The rest of the cast? A symphony of steel and soul, no weak threads in this web. Sanjay Dutt as SP Chaudhary Aslam, the encounter specialist turned Lyari scourge (inspired by the real Chaudhry Aslam Khan), brings that Dutt swagger laced with menace—gravelly one-liners cutting through tension like his pistol whip, a brutal warehouse takedown where he snarls “Lyari ka sher ab shikaar hai” leaving jaws dropped. R. Madhavan as Ajay Sanyal (echoing Ajit Doval’s steely resolve) is the cerebral anchor, his war-room poise—fingers steepled over dossiers, voice calm as he greenlights Hamza’s plunge—infusing South Indian gravitas and moral steel, though his exposition beats occasionally slow the fuse. Arjun Rampal as Major Iqbal (nod to Ilyas Kashmiri’s terror blueprint) simmers with coiled threat, his ISI handler’s icy interrogations—delivered in clipped Pashto inflections—building to a Part 2 promise of cataclysmic clash. Sara Arjun as Yalina Jamali shines as the emotional fulcrum, her wide-eyed innocence clashing with forbidden love for Hamza, those tear-streaked confrontations adding heartbreaking heft without veering into trope. Supporting gems like Manav Gohil’s sharp Deputy Director, Danish Pandor’s volatile Uzair Baloch, and Saumya Tandon’s steely Ulfat (Rehman’s wife) weave the grit tighter, every face fitting like puzzle pieces in Dhar’s mosaic.

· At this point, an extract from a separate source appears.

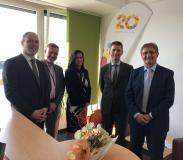 Gut gelaunt im Meeting - v. l. n. r.: Jörg Madlung ( Geschäftsstellenleiter Ost), Jörg Prings (Leiter Geschäftsfeldentwicklung Öffentlicher Dienst SVA), Ilka Wolter (Key Account Manager SVA), Philipp Alexander (GF SVA) und Thomas Popp (CIO des Freistaates Sachsen)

Aditya Dhar—genius, guardian, griot—take ten bows for this brilliant alchemy, turning Uri’s precision, Article 370‘s fire, Baramulla‘s bite, and Haq‘s heart into a sprawling diptych of national sinew. The research? Forensic: Lyari’s gang patois rings true, ISI tradecraft (dead drops in qawwali dives, encrypted beedis) pulled from declassified briefs, even the yellowed edges of a 2008 terror dossier smelling of monsoon archives. No mollycoddling here—terrorists aren’t tragic anti-heroes with sob-story flashbacks; they’re architects of atrocity, grinning through beheadings and blasts, their “ideology” exposed as a veneer for slaughter, from madrasa recruitment mills to 26/11’s puppet-masters. The action? Visceral poetry—hand-to-hand in flooded tunnels, a bazaar ambush syncing to Shashwat Sachdev’s pounding score—while desaturated palettes (Karachi’s grit in sickly greens) and long takes trap you in the dread. Pacing dips in the setup’s slow burn, but it builds to catharsis that justifies every frame.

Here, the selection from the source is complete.